De las primeras afirmaciones que recordé, apenas empecé el recorrido guiado por un emocionado Roberto Shimizu (el nieto, otro Roberto, hijo del coleccionista y socio de aventuras de su padre), fue eso que decía Cortazar sobre la seriedad de un niño mientras juega. Una premisa que —si entiende al juguete como objeto místico— lleva a considerarlo como el resultado tangible que nace de ese encuentro improbable entre el rigor y el azar. Ese equilibrio esquivo que aparece cuando se logra imaginar a un niño dedicado por completo a trabar una relación imperecedera con su juguete. También pensé en ese libro fantástico de Gianni Rodari, que hace años me regalaron,  en el que el autor plantea que el juguete sirve de entrada amable del niño al mundo adulto. Por esto muchos de los juguetes no son más que objetos adultos desacralizados: tal y como sucedió con el arco y la flecha o con la locomotora a vapor. Desde luego también viajé entre los recuerdos imaginados de mis abuelos y mis papás, de las historias sobre sus juguetes (sus pocos pero leales juguetes) y sentí que cada ser inanimado que reposaba en una vitrina, o como parte de las impresionaste instalaciones artísticas de Shimizu, me contaba una historia de su tiempo y de su realidad. El juguete alberga como un cofre sin fondo el relato sobre la moral, la belleza y la verdad de cada época. La rubia Barbie que tanto demoró en oscurecer su pelo y su piel cuenta lo mismo que esos juguetes tallados por mujeres y hombres pobres que crearon replicas imperfectas de los juguetes que no pudieron comprarles a sus hijos. Un juguete es un portador de un presente definido. Una fotografía en tres dimensiones.

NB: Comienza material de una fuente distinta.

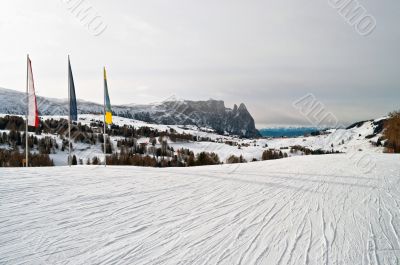 Skii path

No obstante, y luego de llegar al último piso, donde el nieto Shimizu creó su propia colección de obras de arte urbano y las hizo confluir con juguetes: la materia prima del edificio y la familia, me di cuenta de que es probable que esa relación íntima entre el niño y el juguete ahora esté desfigurada por completo. Me temo que ahora los niños no tienen una relación simbólica-emocional con sus juguetes, sino más bien algún tipo de pacto acumulativo. Los juguetes favoritos son un género en crisis y en desuso. Quizás el niño perdió la seriedad del juego al concebir al juguete como un objeto prescindible y desechable. Basta visitar cualquier cuarto infantil —como el de mi hija— para ver pequeñas torres o bolsas repletas de juguetes olvidados y casi sin estrenar. Son muchos para el poco tiempo que es la infancia. Todo esto me lleva a pensar que como padres estamos fallando al enseñar tan pronto la obsesión por el consumo. La ética de la insatisfacción que nos lleva a despreciarlo todo apenas se tiene, la gran falla moral —devenida en religión— de nuestros días.     

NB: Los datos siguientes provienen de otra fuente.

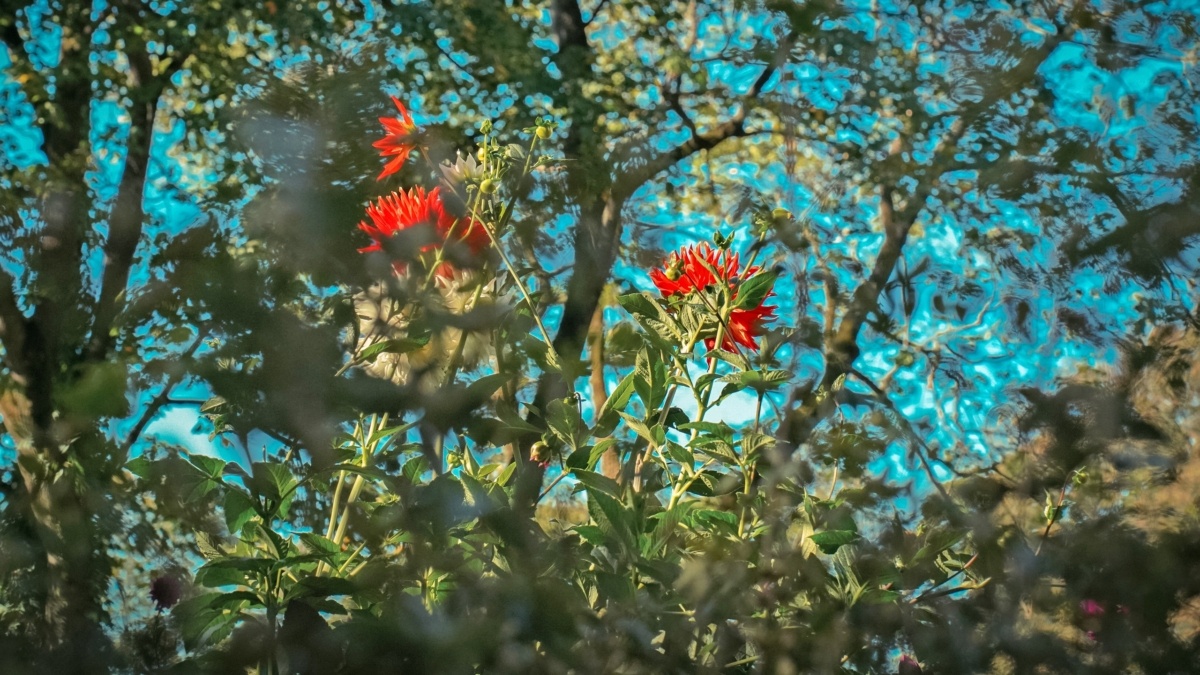 Светлана Мулыкина📷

Una colección de luchadores mexicanos
Una colección de luchadores mexicanos

En ese sentido el Museo del Juguete Antiguo de Ciudad de México revela un tiempo que ya dejó de ser. Y así como se mira con estupefacción al fósil de un animal prehistórico, en su colección podamos ver cosas y objetos que perdieron la vida —ese soplo que da el abrazo de un niño que se siente invencible y protegido por su luchador enmascarado— para siempre. Por estos días los juguetes —ante el fin del aburrimiento infantil impuesto por adultos avergonzados por su falta de tiempo y atención— ya no cuentan presentes: ahora solo revelan instantes y su materia peregrina. Lugares fugaces que ni siquiera merecen un espacio mínimo en la memoria. Niños y niñas que así como olvidan a sus juguetes cada semana, olviden que hay una gran virtud en la permanencia, la quietud y la confianza. Atributos todos que exudan los juguetes cuando sienten la mirada seria de una niña que acaba de encontrar a su mejor amiga en un Tiranosuario Rex de plástico.